The Digital History website also described the prejudice faced by German Americans:
When the US entered World War I, approximately one-third of the nation (32 million people) were either foreign-born or the children of immigrants, and more than 10 million Americans were derived from the nations of the Central Powers….
…Once the United States entered the war, a search for spies and saboteurs escalated into efforts to suppress German culture. Many German-language newspapers were closed down. Public schools stopped teaching German. Lutheran churches dropped services that were spoken in German.
Germans were called ‘Huns.’ In the name of patriotism, musicians no longer played Bach and Beethoven, and schools stopped teaching the German language. Americans renamed sauerkraut ‘liberty cabbage’; dachshunds ‘liberty hounds’; and German measles ‘liberty measles.’ Cincinnati, with its large German American population, even removed pretzels from the free lunch counters in saloons. More alarming, vigilante groups attacked anyone suspected of being unpatriotic. Workers who refused to buy war bonds often suffered harsh retribution, and attacks on labor protesters were nothing short of brutal. The legal system backed the suppression. Juries routinely released defendants accused of violence against individuals or groups critical of the war.
…Perhaps the most horrendous anti-German act was the lynching in April 1918 of 29-year-old Robert Paul Prager, a German-born bakery employee, who was accused of making ‘disloyal utterances.’ A mob took him from the basement of the Collinsville, Illinois jail, dragged him outside of town, and hanged him from a tree.

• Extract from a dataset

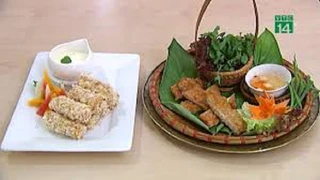 Cách làm chả mực và nem hoa quả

Sewanee, the University of the South, has an article titled Anti-German Sentiment and Propaganda. It describes the shock of many German Americans who saw former friends shun them and questioned their patriotism.
…with the increasing number of war-related incidents, anti-German sentiment steadily grew. Nothing fuelled anti-German sentiment as much as the sinking of the British ocean liner Lusitania on May 7, 1915, an event which British and American propagandists pointed to as incontrovertible proof of German brutality. The incident caused a huge uproar in the U.S. and solidified anti-German sentiment in the public…

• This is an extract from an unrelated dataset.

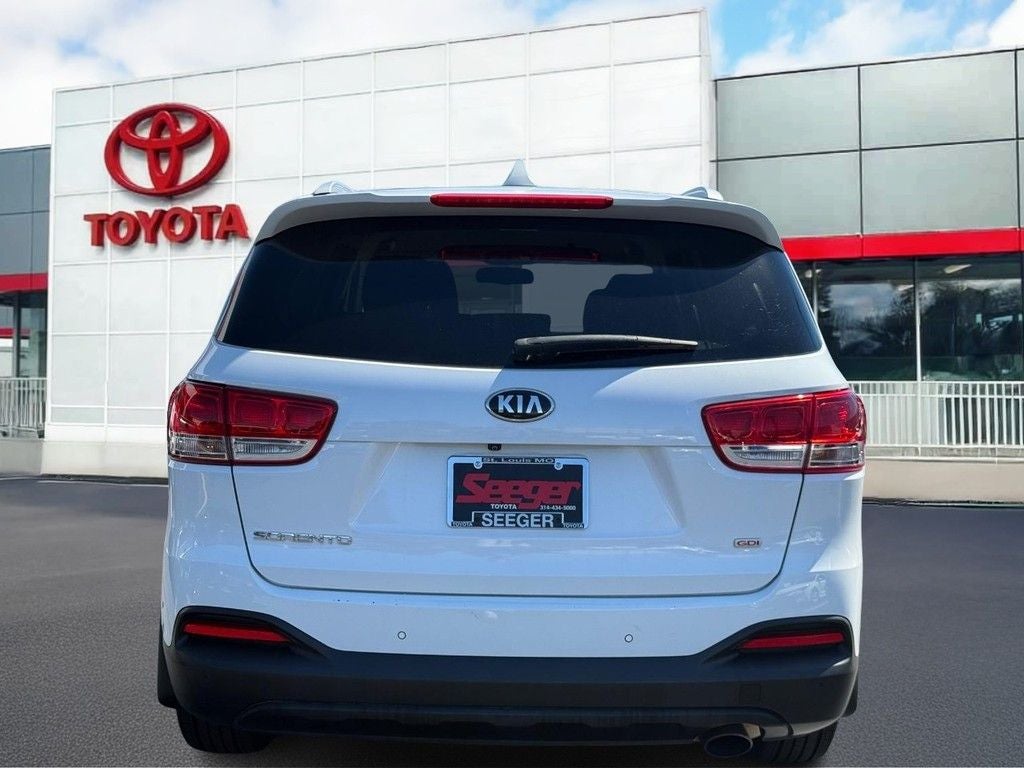2017 Kia Sorento LX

… An extensive propaganda attack, including posters, pamphlets, articles, and books, targeted German Americans and German citizens, labeling them a threat to European civilization and the American values of peace, democracy, and liberty. The media often referred to the Germans as ‘Huns,’ after the barbaric hoards of Asian warriors who had ravaged the Roman Empire. Germans were portrayed as aggressive, materialistic, savage and uncivilized, and Germans living in the U.S. were frequently accused of creating an extensive propaganda machine and an elaborate espionage system.
The Germans never fully understood that the effective propaganda against them capitalized on emotions, immediately understood terms, and vague ideas. Through this mechanism, the German voice was silenced for the rest of the war and, to a certain extent, beyond. The concert halls stopped playing the music of German composers. German language programs were banned in high schools, along with German-language church services and publications. Books were burned, German dogs were slaughtered, and many food items were rechristened (for instance, sauerkraut was officially re-dubbed ‘liberty cabbage’). Germans and German Americans also felt the change in small, personal incidents. In some instances, ‘hand-shakes became less friendly than they used to be,’ but many were publicly assaulted, tarred and feathered, or even lynched.